Es cierto que si la oposición no hubiera presionado, las élites franquistas no se habrían movido, pero dicha presión no fue suficiente para impedir que la Transición se llevara a cabo desde el régimen. El principio rector fue el del continuismo jurídico (“de la ley a la ley”). De ahí que la democracia llegara como consecuencia de la aprobación de la octava Ley Fundamental del franquismo, la Ley para la reforma política, el 18 de noviembre de 1976. La democracia nació, así pues, mediante un suicidio institucional del régimen (el famoso harakiri de las Cortes).

Las elecciones de 1977 fueron una sorpresa para los partidos derechistas de Adolfo Suárez (UCD) y Manuel Fraga (AP). La suma de votos de las fuerzas de izquierda alcanzó el 50%. Con una sociedad tan dividida, las nuevas élites parlamentarias llegaron a amplios acuerdos en torno a tres grandes cuestiones: la Ley de amnistía, las reformas económicas (Pactos de la Moncloa) y la elaboración de la Constitución. Hubo, pues, consenso político, pero sólo después de las primeras elecciones democráticas, cuando se descubrió que la correlación de fuerzas entre la izquierda y la derecha era más equilibrada de lo que se había supuesto inicialmente.

El continuismo jurídico de la Transición (“de la ley a la ley”) tuvo aspectos positivos y negativos. Por ejemplo, hizo posible que buena parte de las élites franquistas se integraran en el nuevo sistema democrático. Gracias a esta oportunidad generosa de integración, pudo aprobarse una Constitución en la que se han sentido recogidos la gran mayoría de los españoles, tanto de izquierdas como de derechas. Entre los aspectos negativos, no hubo la necesaria renovación democrática en el sistema judicial, en los aparatos policiales y, quizá, tampoco en el poder económico.

Estoy convencido de que es necesario estudiar más a fondo el periodo de la Transición, desde una mirada algo más crítica de la que ha sido dominante. Así, seguimos sin tener suficiente información sobre la supervivencia de las élites políticas y económicas del franquismo en el periodo democrático y las consecuencias que ello ha podido tener en nuestro país. Ahora bien, de aquí no se sigue que los males que aquejan a nuestra actual democracia tengan que ver con nuestro proceso de transición. Los problemas de la “partitocracia” y la corrupción existen en muchos países con historias políticas muy distintas a la nuestra, empezando por Italia.
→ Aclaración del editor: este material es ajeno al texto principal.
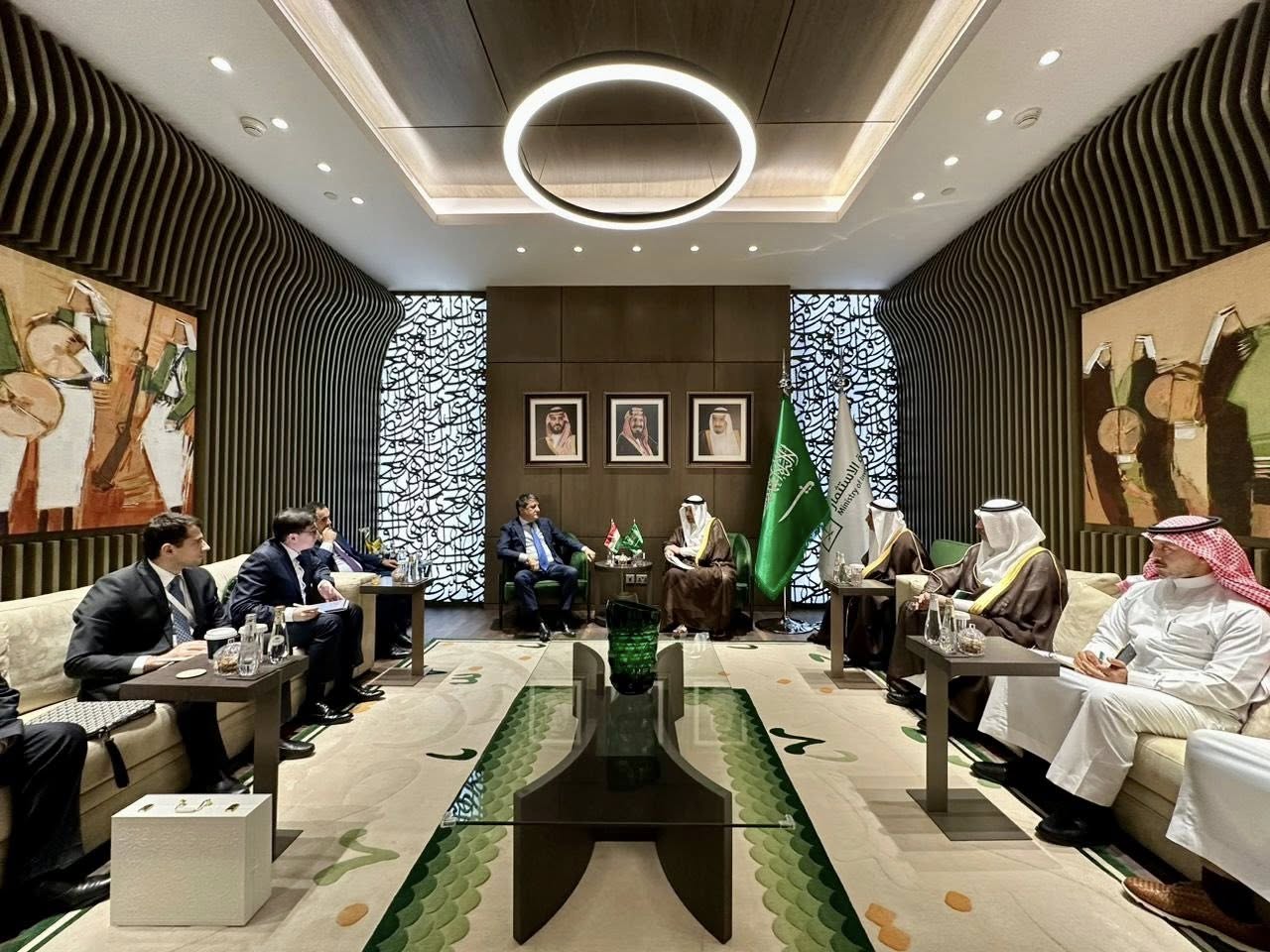 بحثت طاجيكستان والمملكة العربية السعودية التعاون في الصناعة والتقنيات الجديدة.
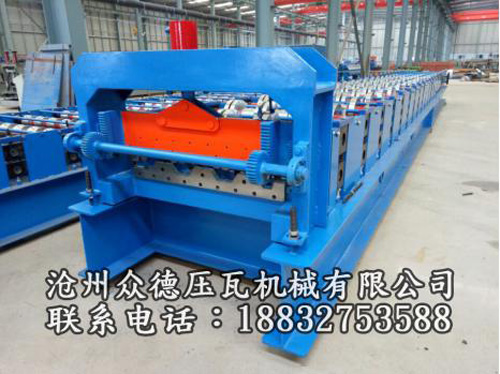 750樓承板設(shè)備 出口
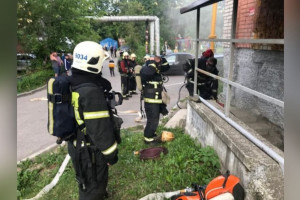 Во Владимире из-за пожара эвакуировали 73 человека
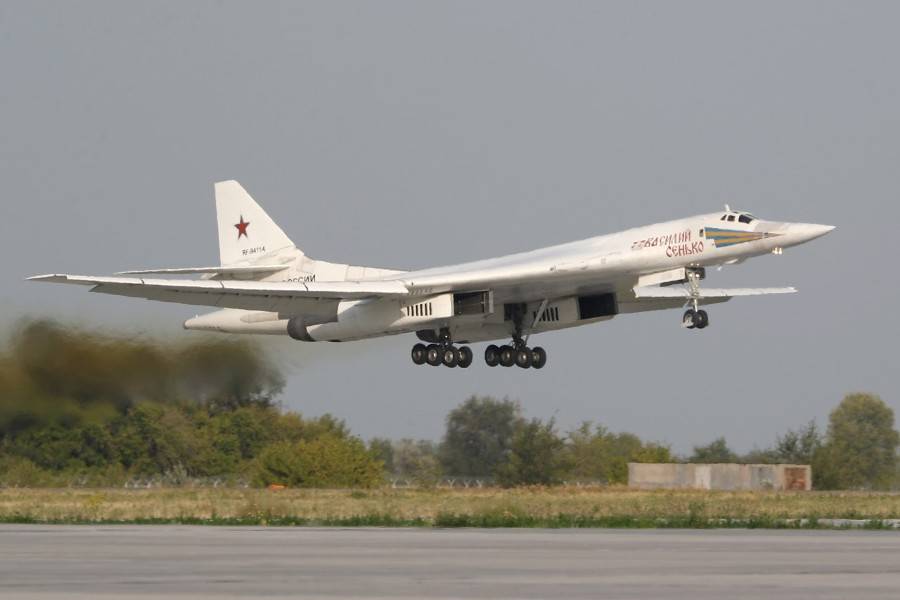 В ЮАР прибыли два стратегических бомбардировщика Ту-160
Y los terribles problemas económicos que está sufriendo el país, sobre todo las clases más desfavorecidas, tienen que ver fundamentalmente con la especulación inmobiliaria, el diseño defectuoso del área euro, la presión de Alemania, el poder de la banca y la debilidad del tejido productivo español, no con lo que se acordó en la Transición.

Quizá haya llegado el momento de emprender reformas institucionales y económicas profundas, pero dejemos la Transición en paz.